I'm using freebsd for servers in my company and i made a backup script which is launched using cron.

My backup script does not print anything if there is no errors, but if errors occur, it'll print something that cron will mail me.

I used /etc/crontab for this.

But there is also athoer scripts freebsd lanch automatically (daily, weekly, monthly).

My question is: is it important to read *every* output?

Of course i can append >> /dev/null at the end of corresponding crontab's line but i don't know if it is important to read output.

So, are you reading this output?
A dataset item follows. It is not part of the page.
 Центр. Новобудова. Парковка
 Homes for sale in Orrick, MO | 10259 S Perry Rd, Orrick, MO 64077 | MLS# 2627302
If yes, do you read every output?

Thanks for your attention


----------



## anomie (Jan 7, 2009)

franz said:
			
		

> But there is also athoer scripts freebsd lanch automatically (daily, weekly, monthly).
> 
> My question is: is it important to read *every* output?



I read my output from the periodic security scripts daily (it's emailed to me). If someone is trying to do something nasty, I want to know about it right away. 

I have the periodic daily/weekly/monthly output written to log files, and check them once a week or so. 

If you're interested in doing that, see this thread (esp. post #4): http://daemonforums.org/showthread.php?t=1982


----------



## lme@ (Jan 9, 2009)

Just fly over the reports quickly. The more often you do this, you will get used to it and see if something changed / needs your attention.


----------